Locate the line containing "guides with a" in the material below. Copy that line and all following lines through the end exactly, omitting any pictures.
_ _ _
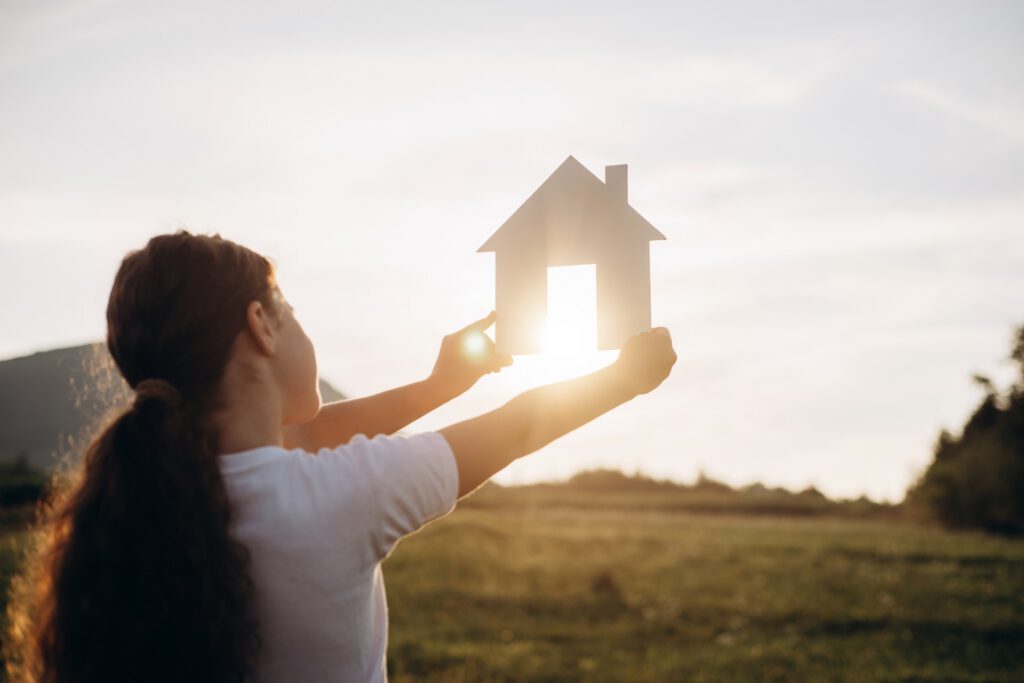 Gros plan d'une préadolescente tenant une maquette de maison en papier, sur fond de magnifique coucher de soleil et de montagnes majestueuses. Maison baignée de soleil dans la nature estivale. Maison de rêve. Concept de logement et de prêt immobilier.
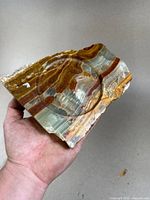 Close-up of the large polished onyx specimen showing natural banding and polished surface with a carved circular recess.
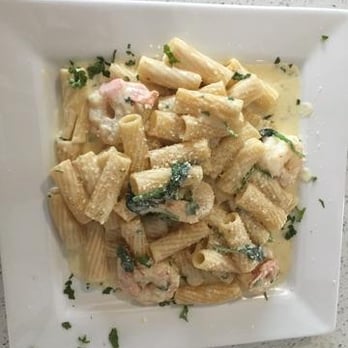 Dona Neli - a plate of pasta with ham and broccoli - Mediterranean Near Me - Miami, Florida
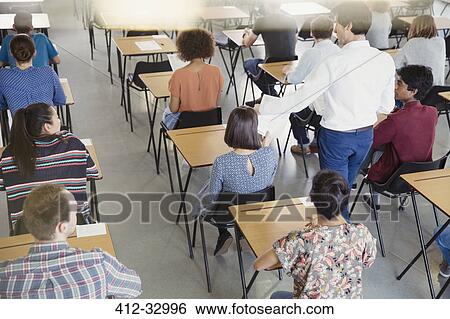 Professor collecting test from students in classroom View Large Photo Image Stock Photograph - Professor collecting test from students in classroom. Fotosearch
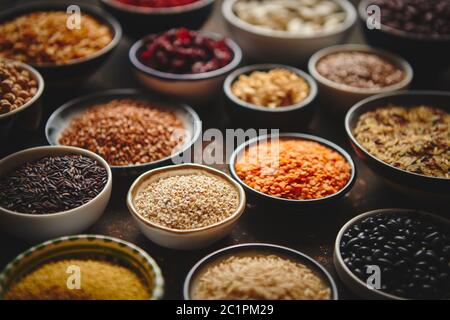 Verschiedene superfoods in kleinen Schüsseln auf dunklen Rusty Hintergrund Stockfoto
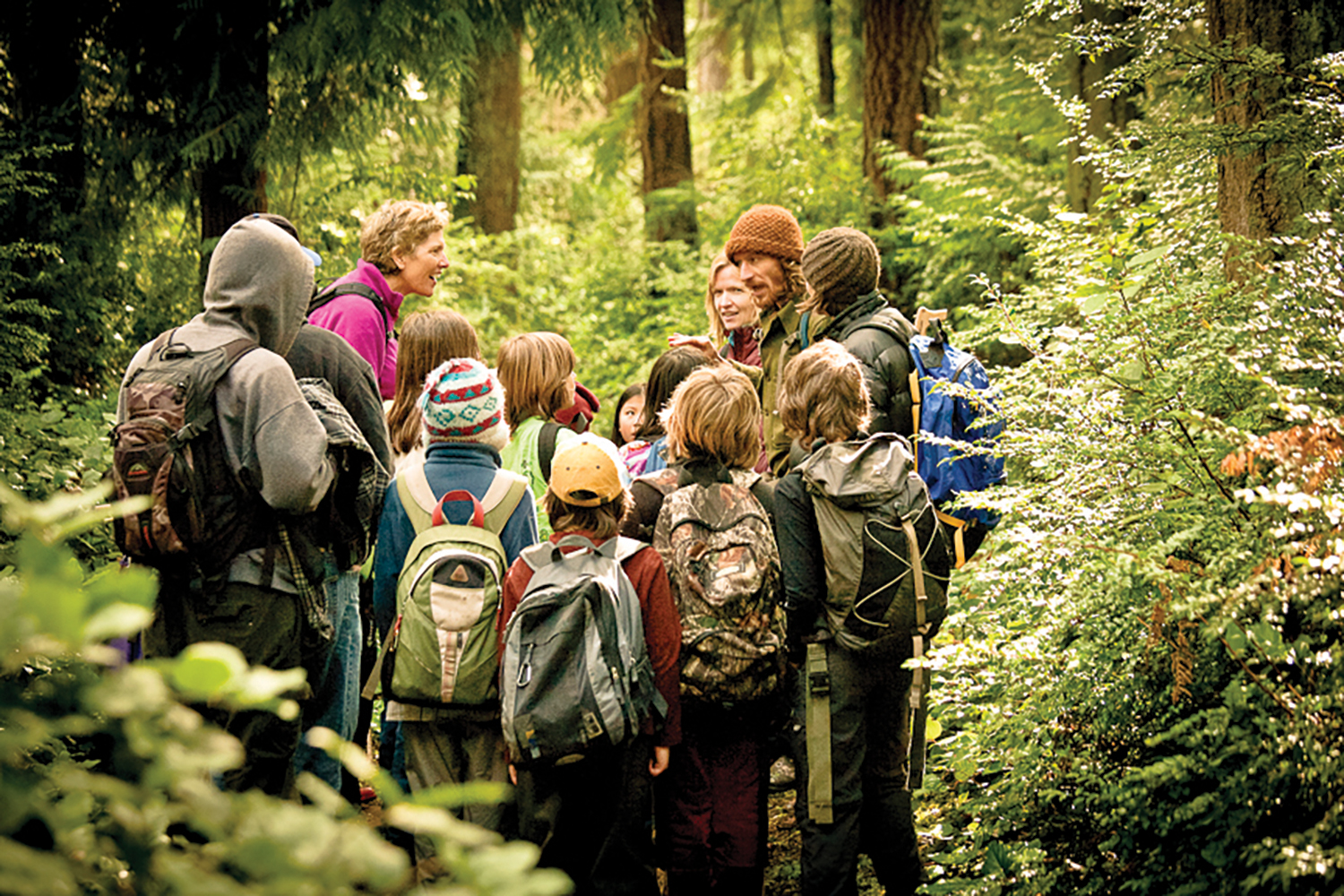 guides with a group of kids on a hike in a forest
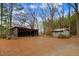 A gravel driveway leads to an outbuilding on a spacious lot surrounded by mature trees at 2502 Devils Racetrack Rd, Four Oaks, NC 27524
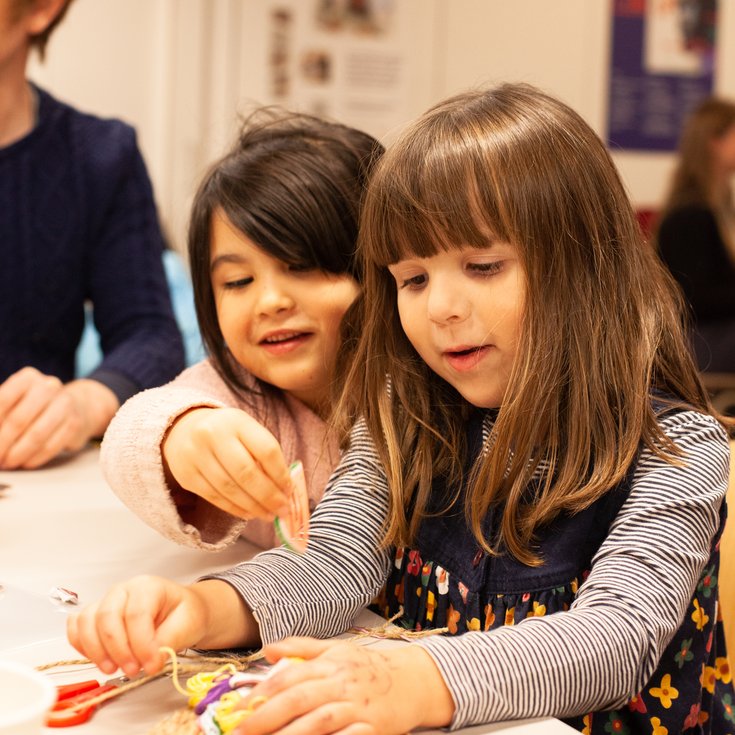 Two young girls making a rope creation at a table.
_ _ _
RESULT OF THE TASK:
 guides with a group of kids on a hike in a forest
 A gravel driveway leads to an outbuilding on a spacious lot surrounded by mature trees at 2502 Devils Racetrack Rd, Four Oaks, NC 27524
 Two young girls making a rope creation at a table.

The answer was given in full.